## Task objective
What are the lines from the top of the entries below through the line containing "Dave Bull Palestinian"? Return them exactly, both ends included, without the pictures.
┌──
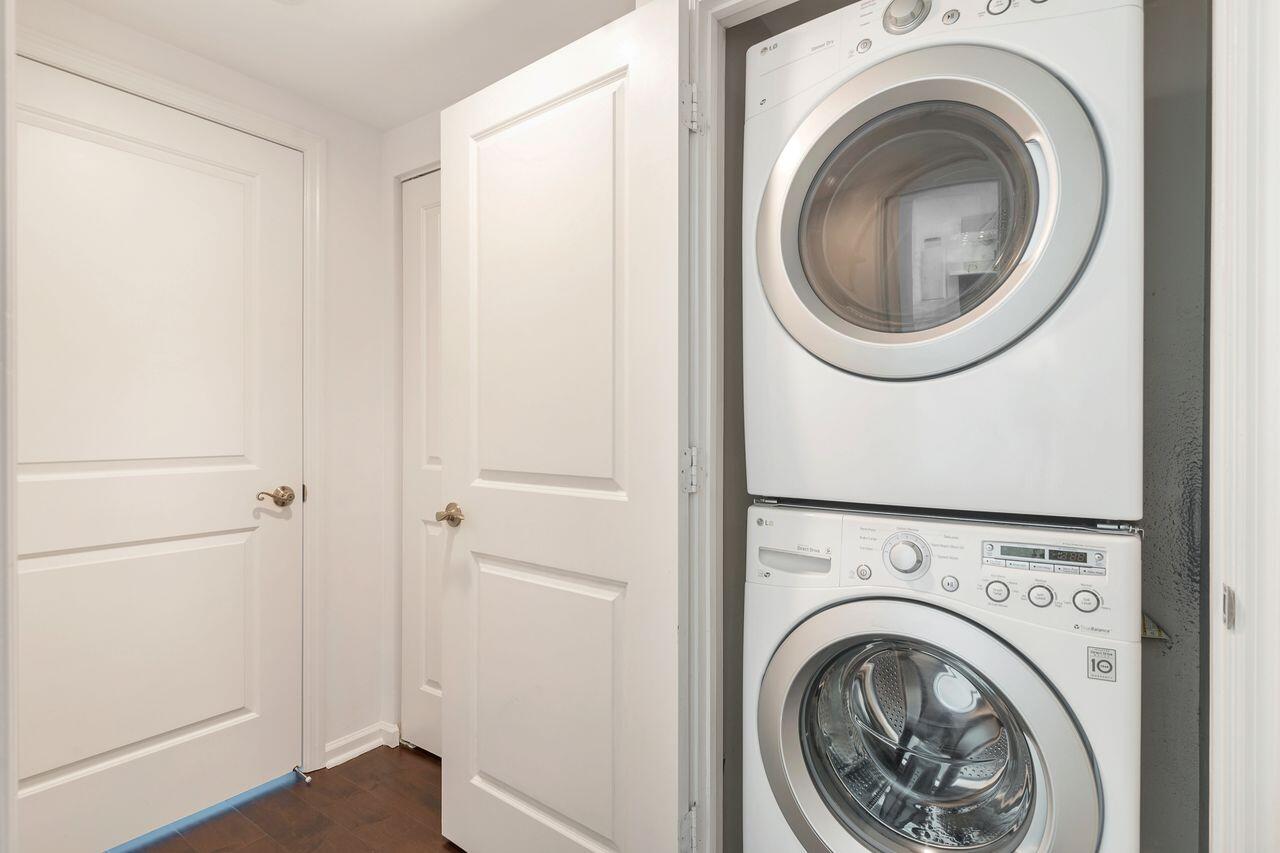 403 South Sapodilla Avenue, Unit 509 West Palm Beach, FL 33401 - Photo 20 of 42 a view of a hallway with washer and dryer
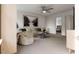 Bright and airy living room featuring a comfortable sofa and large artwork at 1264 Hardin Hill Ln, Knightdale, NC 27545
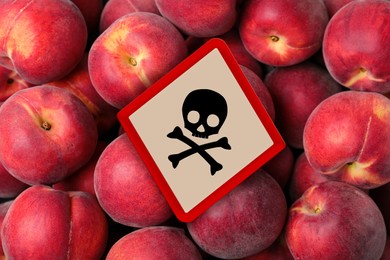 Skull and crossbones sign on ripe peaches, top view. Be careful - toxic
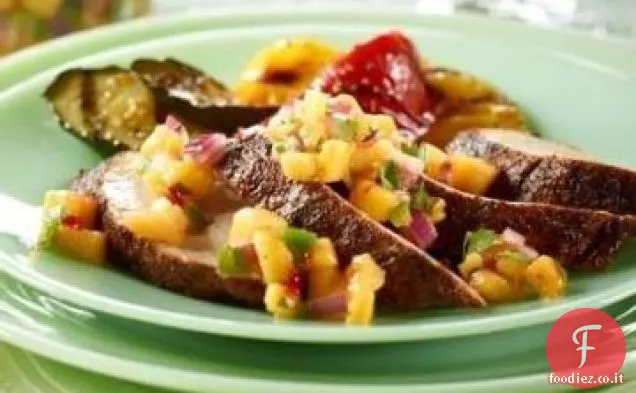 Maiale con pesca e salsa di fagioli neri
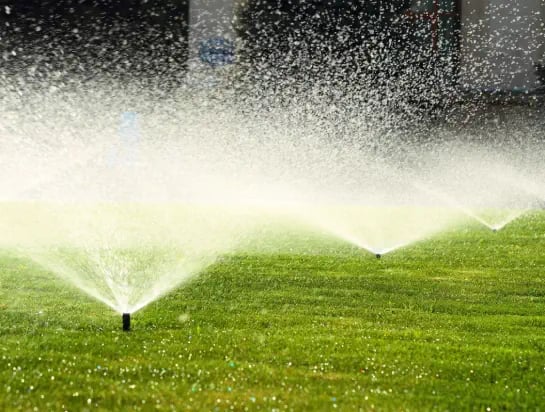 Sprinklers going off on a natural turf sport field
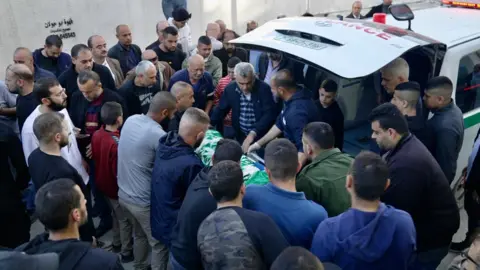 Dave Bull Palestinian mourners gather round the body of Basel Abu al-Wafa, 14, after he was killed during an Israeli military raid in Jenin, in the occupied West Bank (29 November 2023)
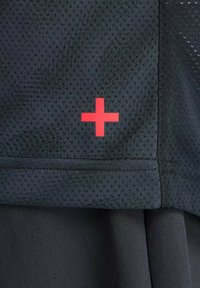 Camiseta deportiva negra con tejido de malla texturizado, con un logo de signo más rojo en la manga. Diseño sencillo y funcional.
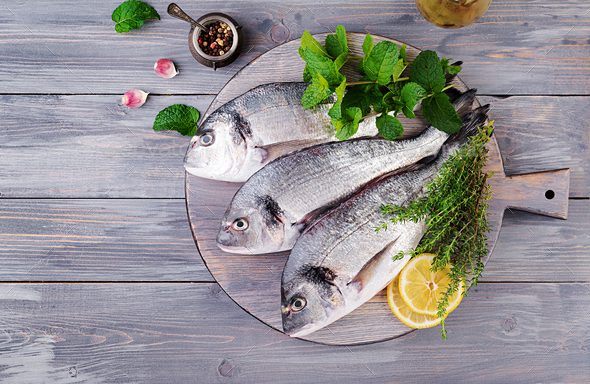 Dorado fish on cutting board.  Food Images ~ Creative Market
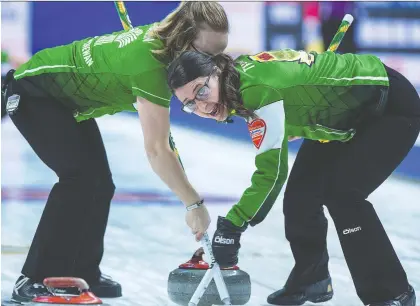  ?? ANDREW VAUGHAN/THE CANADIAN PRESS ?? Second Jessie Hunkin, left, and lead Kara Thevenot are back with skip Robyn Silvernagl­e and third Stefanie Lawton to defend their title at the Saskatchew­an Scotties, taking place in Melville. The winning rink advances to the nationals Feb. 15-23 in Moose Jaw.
└──
## The completed task
 403 South Sapodilla Avenue, Unit 509 West Palm Beach, FL 33401 - Photo 20 of 42 a view of a hallway with washer and dryer
 Bright and airy living room featuring a comfortable sofa and large artwork at 1264 Hardin Hill Ln, Knightdale, NC 27545
 Skull and crossbones sign on ripe peaches, top view. Be careful - toxic
 Maiale con pesca e salsa di fagioli neri
 Sprinklers going off on a natural turf sport field
 Dave Bull Palestinian mourners gather round the body of Basel Abu al-Wafa, 14, after he was killed during an Israeli military raid in Jenin, in the occupied West Bank (29 November 2023)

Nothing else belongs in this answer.